# TASK DESCRIPTION
Throughout the material below, tally the lines containing "Next" and give the total with no accompanying text.

# DATA EXTRACT
....................

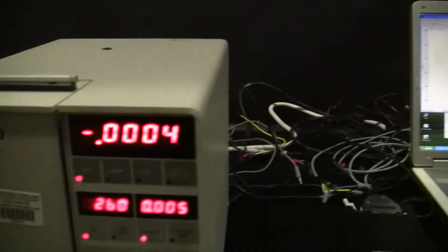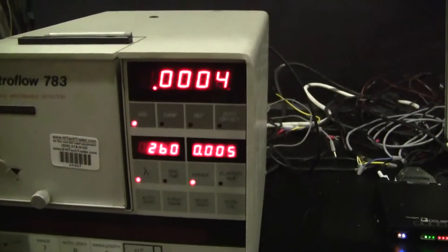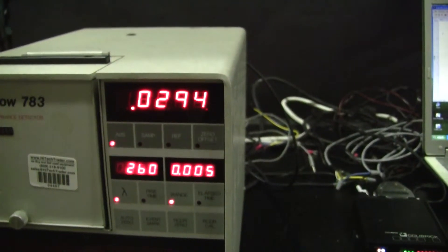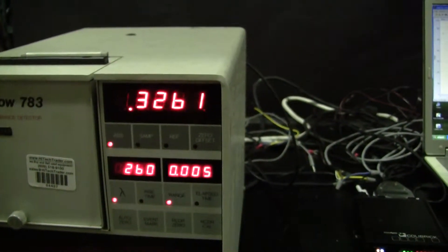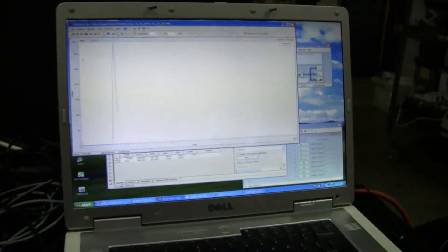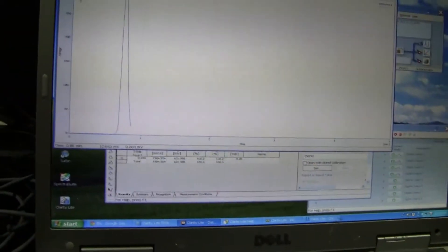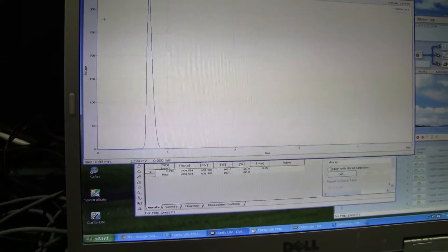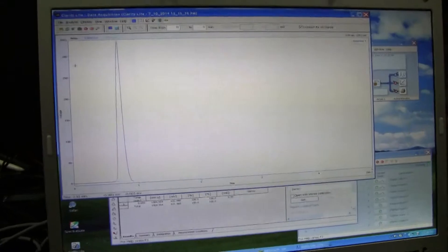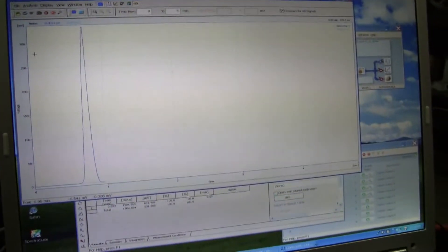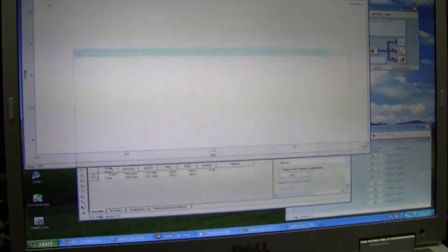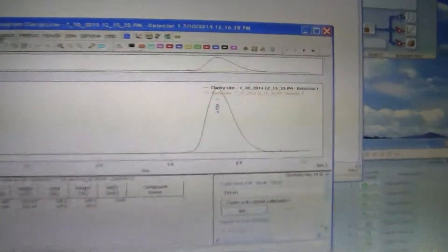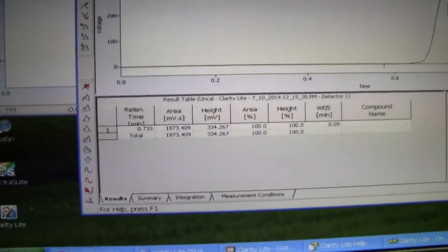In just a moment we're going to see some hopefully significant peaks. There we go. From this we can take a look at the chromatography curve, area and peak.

....................

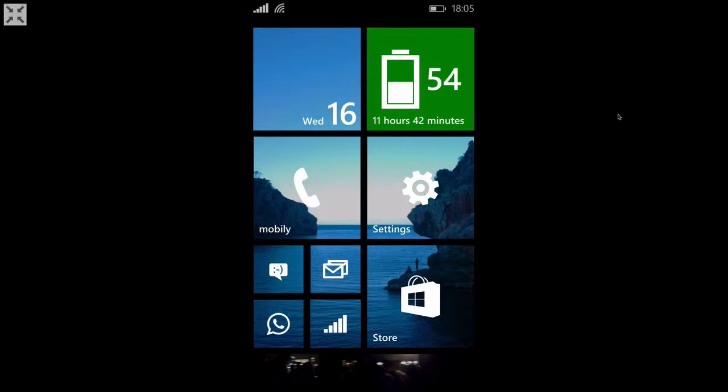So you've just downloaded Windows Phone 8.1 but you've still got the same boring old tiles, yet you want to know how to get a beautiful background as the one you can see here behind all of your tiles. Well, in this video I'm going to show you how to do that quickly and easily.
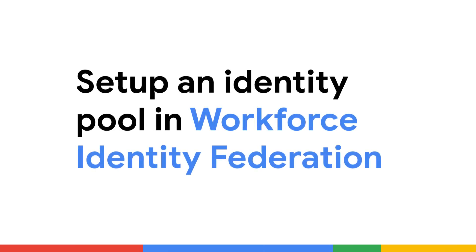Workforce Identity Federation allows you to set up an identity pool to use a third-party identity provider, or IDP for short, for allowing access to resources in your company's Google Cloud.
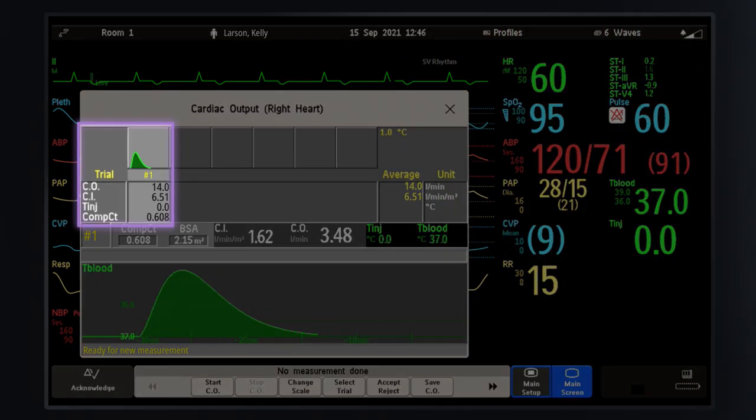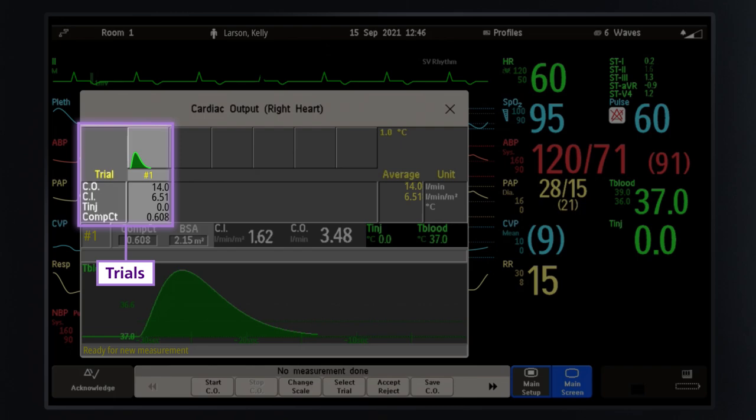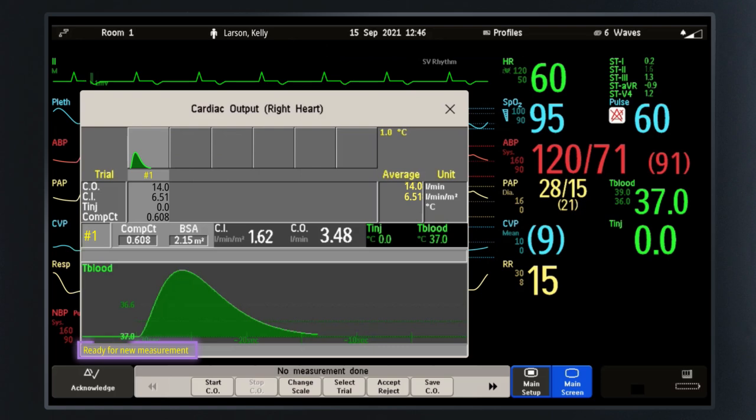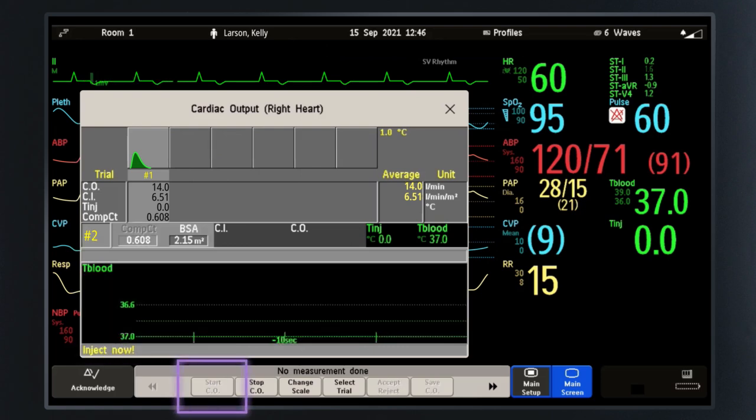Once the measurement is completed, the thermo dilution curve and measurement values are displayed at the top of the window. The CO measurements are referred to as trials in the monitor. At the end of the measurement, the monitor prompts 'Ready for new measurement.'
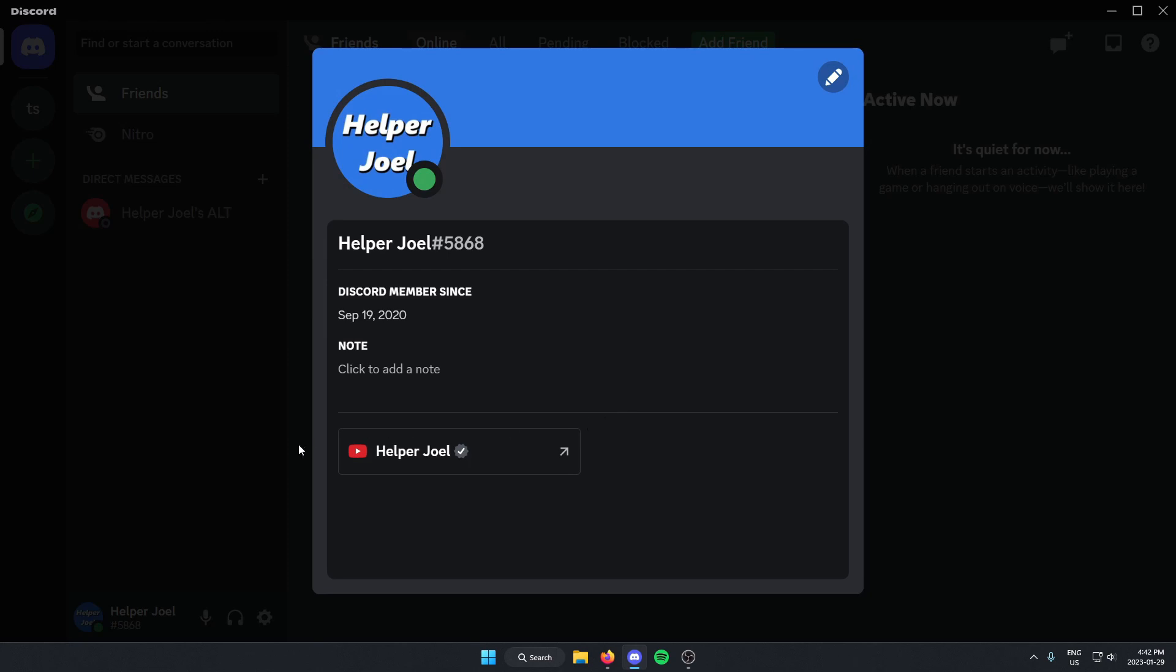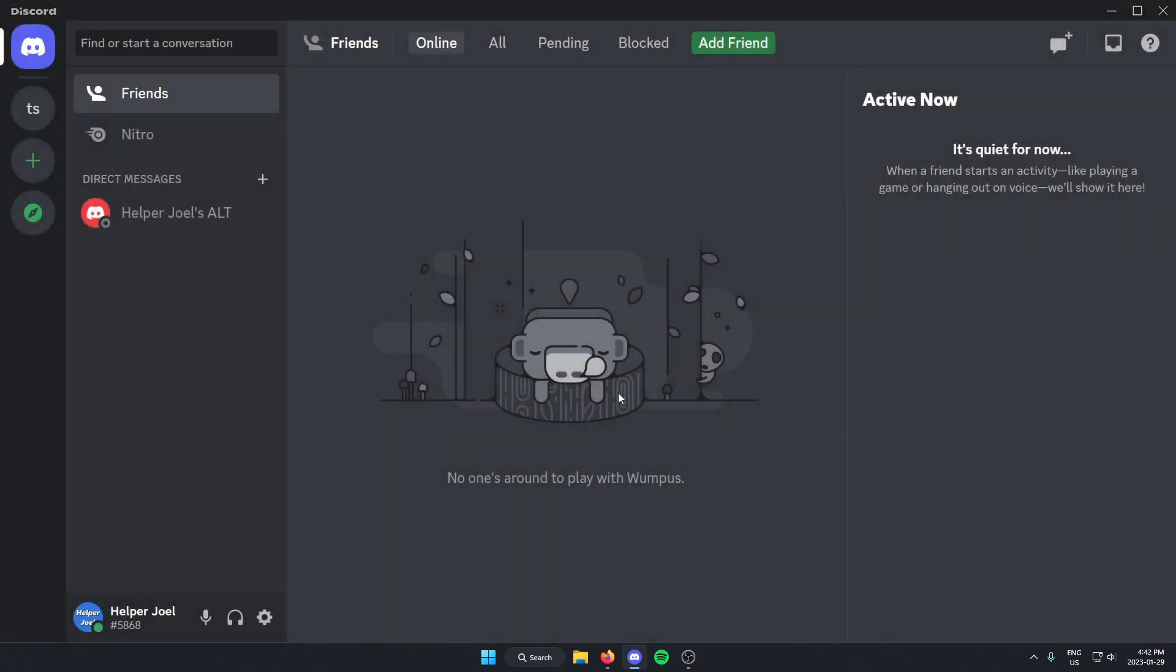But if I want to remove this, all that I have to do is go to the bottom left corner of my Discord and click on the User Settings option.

....................

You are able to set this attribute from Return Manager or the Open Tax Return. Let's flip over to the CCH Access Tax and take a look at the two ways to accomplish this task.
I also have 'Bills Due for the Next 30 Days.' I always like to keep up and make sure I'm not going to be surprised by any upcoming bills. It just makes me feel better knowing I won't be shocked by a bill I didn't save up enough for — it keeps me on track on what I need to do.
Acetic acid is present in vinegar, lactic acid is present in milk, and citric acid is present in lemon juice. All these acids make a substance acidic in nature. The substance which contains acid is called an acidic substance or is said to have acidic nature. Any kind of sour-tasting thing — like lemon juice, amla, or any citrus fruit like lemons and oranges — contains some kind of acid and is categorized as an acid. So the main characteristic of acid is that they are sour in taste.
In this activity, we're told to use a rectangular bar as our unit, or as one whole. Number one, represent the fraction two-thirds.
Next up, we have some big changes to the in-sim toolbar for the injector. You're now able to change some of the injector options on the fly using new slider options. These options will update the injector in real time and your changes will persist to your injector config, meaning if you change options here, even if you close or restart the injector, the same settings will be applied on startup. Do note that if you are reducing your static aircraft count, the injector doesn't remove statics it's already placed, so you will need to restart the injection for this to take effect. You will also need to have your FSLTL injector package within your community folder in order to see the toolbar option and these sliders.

....................

# ANSWER TO THIS EXERCISE
2